In any conversation with the Tilghmans about their volunteer and philanthropic interests, one constant subject stands out: education. When the Tilghmans lived in Baltimore, both became board members at independent schools and consequently became keenly aware of the dire need for financial assistance for youth who otherwise could not have afforded expensive secondary school educations.
The Tilghmans took advantage of opportunities to set up named scholarships. It solidified their commitment to education. Beverly spoke proudly of her involvement in raising money for financial aid and then being part of a process to distribute grants to young women eager to enroll at two independent schools with which she was involved.
When they moved to Wye House in 2005 after Richard retired as a partner at DLA Piper, they and Mary Tilghman, Richard’s mother, welcomed school groups to learn about the enslaved Frederick Douglass and the Wye House Plantation. The Tilghmans gladly welcome students to what many consider a small museum visited by a few founding fathers in the 17th century.
Not too many years ago, archaeological digs by the University of Maryland, welcomed wholeheartedly by Mary Tilghman, produced discoveries about the enslaved, including their spiritual lives, diet and culture. Research into Wye House has produced five Ph.D. theses, according to Richard.

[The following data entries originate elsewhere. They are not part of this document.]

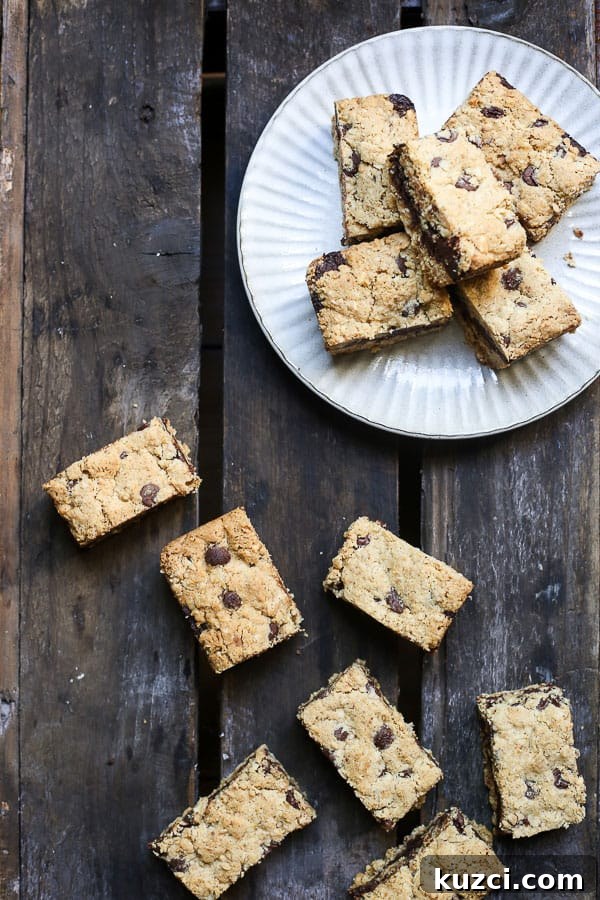 overhead of Nutella Fudge Oat Bars on a plate and on wooden table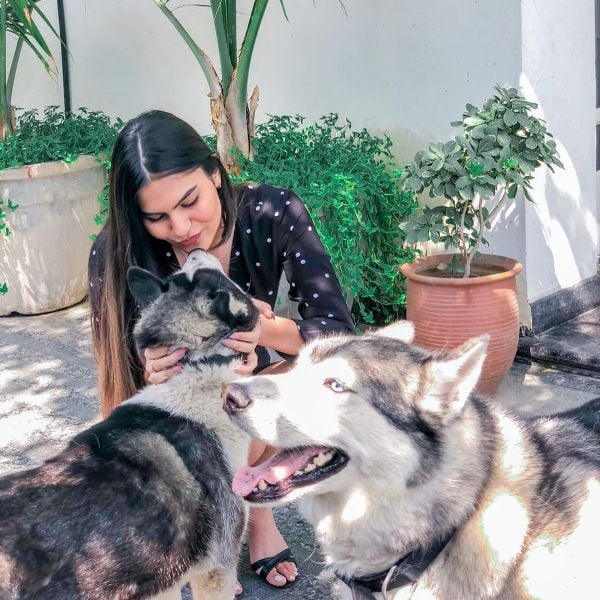 Rachel Gupta with her pet dogs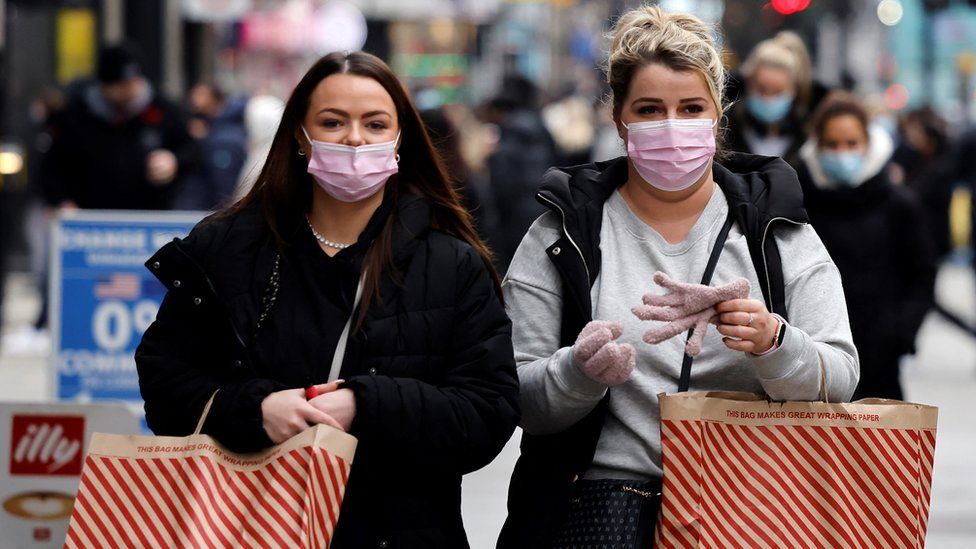 Shoppers wearing face coverings to help combat the spread of Covid-19, carry Primark bags as they walk along Bond Street in London on December 21, 2021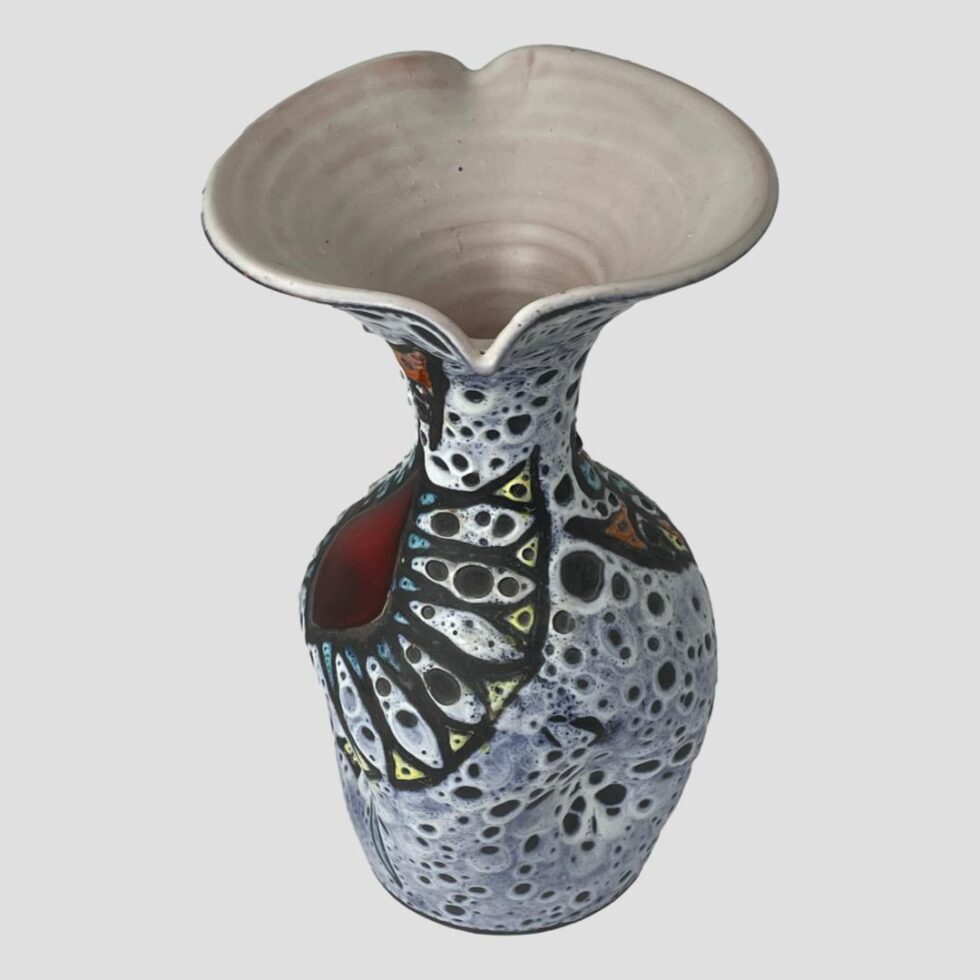 Photo of Vallauris vase seen from a side angle and raised so the spouts are in top centre and mid centre. There is a lovely fluid design.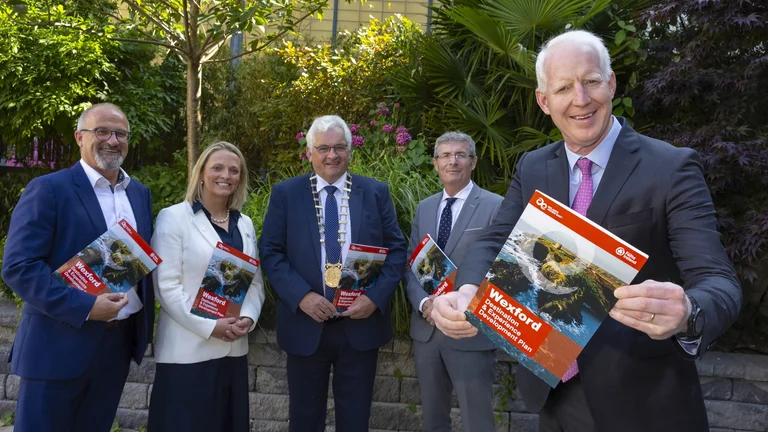 Stakeholders pose for photo holding copies of DEDP document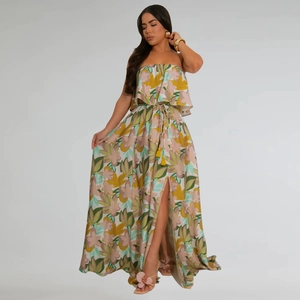 Detail of high side slit and colorful floral print on a bohemian sleeveless maxi dress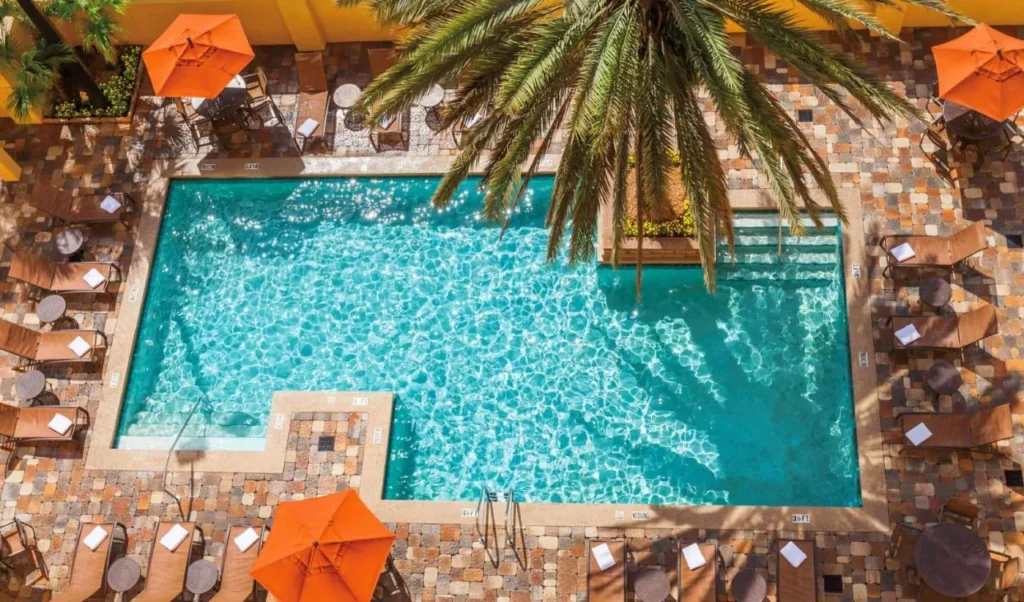 Overhead view of the pool, loungers and orange umbrellas at Embassy Suites Orlando Convention Center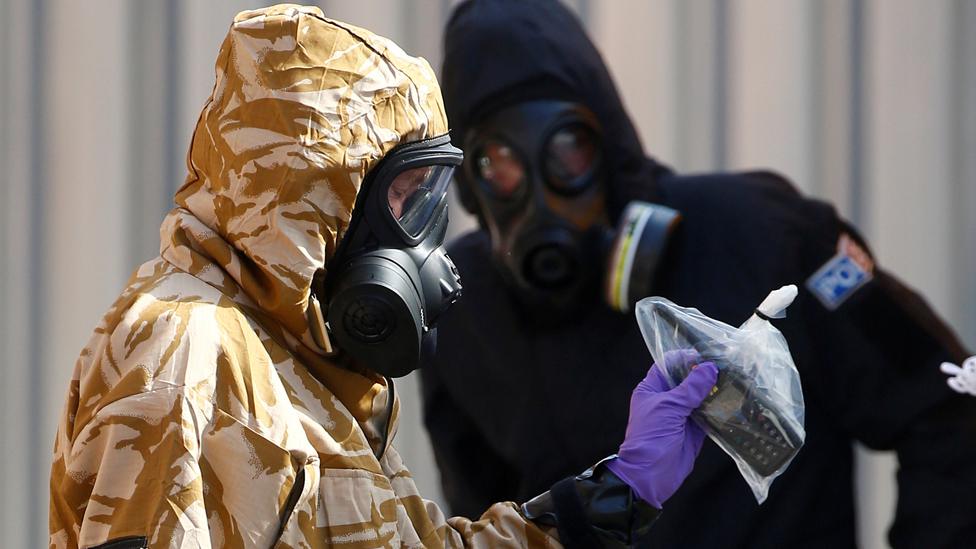 Forensic investigators, wearing protective suits, emerge from the rear of John Baker House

Mike Roman, HPL director, said, “Richard and Beverly are extraordinary members of the Mid-Shore. Their first impulse is to do more for our community. They care little about credit. Their environmental stewardship of Wye House property and their support of graduate education in marine science are great achievements. HPL is most thankful for their continued interest and support.”
The Tilghman’s are the eighth recipients of the Chesapeake Champions Award, created by Horn Point Lab to honor those who have devoted their energies and enterprises to environmental betterment in the Mid-Shore. They join Amy Haines, Chip Akridge, Albert Pritchett, Jordan and Alice Lloyd, Jim Brighton, Jerry Harris and the Hutchinson Brothers.
Richard said,” When we were asked to be Chesapeake Champions, we were clear that we don’t seek recognition. We agreed to accept the award if it would help HPL by raising money for graduate student research.”
Co-chairs for this year’s event are Ellen and Dick Bodorff and Meta and Billy Boyd. They have generously funded the cost of the event enabling 100% of the proceeds from the celebration to go toward supporting the research and education of HPL’s students.
The Chesapeake Champion event will be held 5 to 7 p.m. Thursday, Sept. 30, outside in the Gold Garden at the Tidewater Inn, Easton.